Ali Akbar Velayati, conseiller du guide suprême iranien Mojtaba Khamenei, a déclaré sur le réseau social américain X que l'issue de la guerre serait déterminée par la stratégie iranienne plutôt que par ce qu'il a qualifié d'"illusions" de ses adversaires.

"Le détroit d'Ormuz est ouvert au monde, mais il restera fermé aux ennemis du peuple iranien et à leurs bases dans la région", a-t-il affirmé.

Velayati a ajouté que la guerre prendrait fin selon les conditions de l'Iran.

"La guerre prendra fin avec la stratégie et l'autorité de l'Iran, et non avec l'ivresse et les illusions des agresseurs", a-t-il déclaré.

Ses propos interviennent quelques heures après que le président américain Donald Trump a affirmé, lors d'une allocution télévisée depuis la Maison Blanche, que l'Iran ne disposait plus que de "très peu" de lanceurs de missiles et que sa capacité à lancer des missiles et des drones avait été "considérablement réduite".

Trump a indiqué s'attendre à ce que la guerre se poursuive pendant encore deux à trois semaines, mais estime que le conflit approche de sa "fin".

Téhéran conserve un contrôle effectif sur le détroit d'Ormuz, voie maritime essentielle pour l'approvisionnement énergétique des pays asiatiques, permettant le passage des navires des nations que l'Iran qualifie de "pays amis".

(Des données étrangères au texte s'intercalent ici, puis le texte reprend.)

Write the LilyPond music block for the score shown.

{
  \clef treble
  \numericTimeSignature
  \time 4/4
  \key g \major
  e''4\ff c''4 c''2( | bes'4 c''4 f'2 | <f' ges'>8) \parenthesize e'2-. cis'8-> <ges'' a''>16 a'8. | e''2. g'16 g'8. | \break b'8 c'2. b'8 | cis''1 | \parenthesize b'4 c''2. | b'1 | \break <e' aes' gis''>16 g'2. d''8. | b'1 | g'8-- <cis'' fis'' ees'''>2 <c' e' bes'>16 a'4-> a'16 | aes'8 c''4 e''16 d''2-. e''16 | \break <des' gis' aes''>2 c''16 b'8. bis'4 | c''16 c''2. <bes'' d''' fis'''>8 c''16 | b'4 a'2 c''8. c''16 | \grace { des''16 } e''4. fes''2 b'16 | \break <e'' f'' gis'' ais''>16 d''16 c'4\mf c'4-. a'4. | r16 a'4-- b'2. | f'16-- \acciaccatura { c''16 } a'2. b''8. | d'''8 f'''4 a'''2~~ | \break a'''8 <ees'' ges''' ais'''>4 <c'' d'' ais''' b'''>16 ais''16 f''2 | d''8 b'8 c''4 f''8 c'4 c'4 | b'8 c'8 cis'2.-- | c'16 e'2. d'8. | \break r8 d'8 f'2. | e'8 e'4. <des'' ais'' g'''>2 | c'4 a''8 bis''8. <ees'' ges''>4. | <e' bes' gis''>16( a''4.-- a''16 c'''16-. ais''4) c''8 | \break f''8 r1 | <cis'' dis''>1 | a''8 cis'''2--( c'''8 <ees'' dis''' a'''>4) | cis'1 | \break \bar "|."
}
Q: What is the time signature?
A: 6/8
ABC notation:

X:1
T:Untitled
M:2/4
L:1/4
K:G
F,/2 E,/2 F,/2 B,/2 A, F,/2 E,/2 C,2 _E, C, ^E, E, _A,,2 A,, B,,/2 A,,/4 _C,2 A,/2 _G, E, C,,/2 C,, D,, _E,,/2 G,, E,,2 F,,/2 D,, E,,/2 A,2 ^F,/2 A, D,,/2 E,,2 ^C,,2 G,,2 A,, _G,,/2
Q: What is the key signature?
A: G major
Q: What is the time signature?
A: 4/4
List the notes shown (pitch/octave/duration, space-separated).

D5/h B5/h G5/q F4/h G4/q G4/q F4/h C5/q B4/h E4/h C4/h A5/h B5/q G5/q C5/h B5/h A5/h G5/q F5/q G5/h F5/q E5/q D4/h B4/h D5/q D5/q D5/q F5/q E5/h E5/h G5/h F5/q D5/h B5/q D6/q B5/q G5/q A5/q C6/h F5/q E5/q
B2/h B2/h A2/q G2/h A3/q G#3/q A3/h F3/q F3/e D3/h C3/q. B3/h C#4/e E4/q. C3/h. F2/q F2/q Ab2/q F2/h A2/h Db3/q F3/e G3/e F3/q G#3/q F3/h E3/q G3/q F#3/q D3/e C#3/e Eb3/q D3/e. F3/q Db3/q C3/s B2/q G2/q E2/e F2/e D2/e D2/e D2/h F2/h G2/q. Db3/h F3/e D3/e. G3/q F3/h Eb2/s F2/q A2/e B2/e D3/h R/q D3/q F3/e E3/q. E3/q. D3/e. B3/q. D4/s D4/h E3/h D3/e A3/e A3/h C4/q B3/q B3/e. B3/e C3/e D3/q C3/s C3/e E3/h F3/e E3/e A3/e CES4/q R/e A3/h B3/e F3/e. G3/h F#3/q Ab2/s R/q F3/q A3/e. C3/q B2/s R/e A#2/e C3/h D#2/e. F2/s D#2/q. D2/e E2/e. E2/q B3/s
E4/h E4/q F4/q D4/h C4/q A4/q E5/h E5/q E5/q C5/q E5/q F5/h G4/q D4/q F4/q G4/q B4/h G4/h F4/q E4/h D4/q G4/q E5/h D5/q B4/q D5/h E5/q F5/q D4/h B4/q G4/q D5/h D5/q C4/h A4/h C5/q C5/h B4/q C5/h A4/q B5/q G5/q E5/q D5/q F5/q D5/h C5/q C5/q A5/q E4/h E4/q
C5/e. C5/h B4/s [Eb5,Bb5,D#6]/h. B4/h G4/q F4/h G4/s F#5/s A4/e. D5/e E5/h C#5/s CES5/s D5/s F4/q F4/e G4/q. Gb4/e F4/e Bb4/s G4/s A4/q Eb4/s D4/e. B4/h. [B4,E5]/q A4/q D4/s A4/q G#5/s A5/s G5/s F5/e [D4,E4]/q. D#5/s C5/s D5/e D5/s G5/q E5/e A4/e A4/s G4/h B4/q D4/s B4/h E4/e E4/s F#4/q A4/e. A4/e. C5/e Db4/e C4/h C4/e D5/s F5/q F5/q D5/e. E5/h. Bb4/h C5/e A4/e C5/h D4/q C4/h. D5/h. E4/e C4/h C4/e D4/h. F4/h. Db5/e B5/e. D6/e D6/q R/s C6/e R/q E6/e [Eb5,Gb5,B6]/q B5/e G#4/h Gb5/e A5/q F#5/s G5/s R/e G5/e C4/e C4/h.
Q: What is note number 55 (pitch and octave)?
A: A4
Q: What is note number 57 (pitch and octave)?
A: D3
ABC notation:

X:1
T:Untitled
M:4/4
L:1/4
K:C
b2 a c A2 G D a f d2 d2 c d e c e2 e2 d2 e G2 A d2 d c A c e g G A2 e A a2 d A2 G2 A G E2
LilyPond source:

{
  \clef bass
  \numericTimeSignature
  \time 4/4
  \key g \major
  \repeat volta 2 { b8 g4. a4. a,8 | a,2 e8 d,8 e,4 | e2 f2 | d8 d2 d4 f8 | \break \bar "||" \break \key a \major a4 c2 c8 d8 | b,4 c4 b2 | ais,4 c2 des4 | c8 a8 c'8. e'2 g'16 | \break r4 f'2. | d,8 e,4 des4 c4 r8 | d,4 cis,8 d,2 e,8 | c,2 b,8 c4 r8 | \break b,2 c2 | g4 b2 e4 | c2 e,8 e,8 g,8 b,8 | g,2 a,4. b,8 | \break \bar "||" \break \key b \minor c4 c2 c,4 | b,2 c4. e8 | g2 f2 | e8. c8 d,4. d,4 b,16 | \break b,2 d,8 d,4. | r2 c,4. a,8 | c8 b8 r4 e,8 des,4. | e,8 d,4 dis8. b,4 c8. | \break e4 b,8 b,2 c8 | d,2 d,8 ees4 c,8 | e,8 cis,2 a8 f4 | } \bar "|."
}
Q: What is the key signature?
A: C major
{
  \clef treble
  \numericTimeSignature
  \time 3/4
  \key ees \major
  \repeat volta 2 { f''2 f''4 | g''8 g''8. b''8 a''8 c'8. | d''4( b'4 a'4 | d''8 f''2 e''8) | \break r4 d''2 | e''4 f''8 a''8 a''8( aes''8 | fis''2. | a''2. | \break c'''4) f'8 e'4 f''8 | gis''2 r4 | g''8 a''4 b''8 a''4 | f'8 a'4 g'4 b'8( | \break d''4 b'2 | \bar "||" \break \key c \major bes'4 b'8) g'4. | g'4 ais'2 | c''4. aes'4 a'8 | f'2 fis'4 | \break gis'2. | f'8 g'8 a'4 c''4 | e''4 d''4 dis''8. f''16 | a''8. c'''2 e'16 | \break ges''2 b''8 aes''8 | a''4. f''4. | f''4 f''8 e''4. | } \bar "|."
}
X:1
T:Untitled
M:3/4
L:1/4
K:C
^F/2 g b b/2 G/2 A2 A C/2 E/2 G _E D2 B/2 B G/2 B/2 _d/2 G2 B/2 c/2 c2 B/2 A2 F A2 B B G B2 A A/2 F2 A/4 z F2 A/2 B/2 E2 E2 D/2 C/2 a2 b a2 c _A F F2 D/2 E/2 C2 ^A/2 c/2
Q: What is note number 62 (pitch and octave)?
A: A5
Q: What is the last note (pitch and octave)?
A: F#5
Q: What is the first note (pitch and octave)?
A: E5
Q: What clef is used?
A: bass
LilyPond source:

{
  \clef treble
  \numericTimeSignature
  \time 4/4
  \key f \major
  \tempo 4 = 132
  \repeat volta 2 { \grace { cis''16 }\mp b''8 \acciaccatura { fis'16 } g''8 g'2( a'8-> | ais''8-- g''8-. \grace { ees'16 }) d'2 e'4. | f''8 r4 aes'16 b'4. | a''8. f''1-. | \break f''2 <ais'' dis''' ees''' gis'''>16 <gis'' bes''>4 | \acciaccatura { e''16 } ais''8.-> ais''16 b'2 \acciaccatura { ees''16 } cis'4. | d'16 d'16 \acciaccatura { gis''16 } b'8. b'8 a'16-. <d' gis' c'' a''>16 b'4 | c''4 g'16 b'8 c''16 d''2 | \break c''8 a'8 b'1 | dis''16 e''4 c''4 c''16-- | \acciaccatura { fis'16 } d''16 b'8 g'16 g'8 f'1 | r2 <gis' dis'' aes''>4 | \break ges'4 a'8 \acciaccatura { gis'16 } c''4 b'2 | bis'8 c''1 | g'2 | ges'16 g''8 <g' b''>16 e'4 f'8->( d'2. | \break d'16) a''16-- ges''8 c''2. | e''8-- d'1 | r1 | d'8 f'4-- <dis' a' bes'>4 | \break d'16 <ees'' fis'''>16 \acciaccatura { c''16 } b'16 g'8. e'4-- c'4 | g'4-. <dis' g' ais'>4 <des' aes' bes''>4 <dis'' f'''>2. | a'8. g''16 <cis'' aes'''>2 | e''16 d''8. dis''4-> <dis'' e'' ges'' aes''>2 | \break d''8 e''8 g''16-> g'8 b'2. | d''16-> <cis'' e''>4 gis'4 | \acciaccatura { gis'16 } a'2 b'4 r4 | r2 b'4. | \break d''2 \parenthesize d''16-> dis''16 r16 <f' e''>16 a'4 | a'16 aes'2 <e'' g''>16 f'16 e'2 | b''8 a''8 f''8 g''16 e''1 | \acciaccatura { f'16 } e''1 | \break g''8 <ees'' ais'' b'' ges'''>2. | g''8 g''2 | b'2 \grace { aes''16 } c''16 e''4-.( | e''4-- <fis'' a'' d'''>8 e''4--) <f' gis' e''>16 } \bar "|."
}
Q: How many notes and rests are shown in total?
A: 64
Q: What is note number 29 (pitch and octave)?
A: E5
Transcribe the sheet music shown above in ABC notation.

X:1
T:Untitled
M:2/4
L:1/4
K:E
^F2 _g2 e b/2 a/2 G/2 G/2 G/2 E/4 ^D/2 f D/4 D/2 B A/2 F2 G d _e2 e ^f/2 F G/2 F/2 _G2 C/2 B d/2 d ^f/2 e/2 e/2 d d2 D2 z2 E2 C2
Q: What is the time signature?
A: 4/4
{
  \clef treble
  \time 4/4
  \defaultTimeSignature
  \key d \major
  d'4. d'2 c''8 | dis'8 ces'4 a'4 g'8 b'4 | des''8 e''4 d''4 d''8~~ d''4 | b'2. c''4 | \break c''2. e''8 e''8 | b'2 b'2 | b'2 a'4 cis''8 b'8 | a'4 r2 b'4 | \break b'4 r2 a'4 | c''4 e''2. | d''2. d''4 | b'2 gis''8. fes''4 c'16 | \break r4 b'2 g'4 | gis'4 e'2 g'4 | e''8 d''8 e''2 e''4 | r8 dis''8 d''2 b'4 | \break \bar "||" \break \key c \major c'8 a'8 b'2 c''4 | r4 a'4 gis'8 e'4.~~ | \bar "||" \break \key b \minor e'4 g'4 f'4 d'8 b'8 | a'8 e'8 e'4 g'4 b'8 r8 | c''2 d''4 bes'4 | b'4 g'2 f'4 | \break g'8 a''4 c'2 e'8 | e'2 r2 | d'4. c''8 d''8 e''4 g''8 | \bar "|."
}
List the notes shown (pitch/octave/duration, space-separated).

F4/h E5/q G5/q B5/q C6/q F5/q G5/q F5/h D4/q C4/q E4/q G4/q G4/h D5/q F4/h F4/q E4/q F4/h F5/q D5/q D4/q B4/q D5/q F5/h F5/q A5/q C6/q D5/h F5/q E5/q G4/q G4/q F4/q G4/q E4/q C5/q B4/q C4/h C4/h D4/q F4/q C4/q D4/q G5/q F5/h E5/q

Les tensions dans la région se sont exacerbées depuis l'offensive conjointe lancée par Israël et les États-Unis contre l'Iran le 28 février, qui a fait plus de 1 340 morts, dont le Guide suprême de l'époque, Ali Khamenei.

L'Iran a riposté par des frappes de drones et de missiles visant Israël, la Jordanie, l'Irak et les pays du Golfe abritant des installations militaires américaines, causant des victimes et des dégâts aux infrastructures tout en perturbant les marchés mondiaux et l'aviation.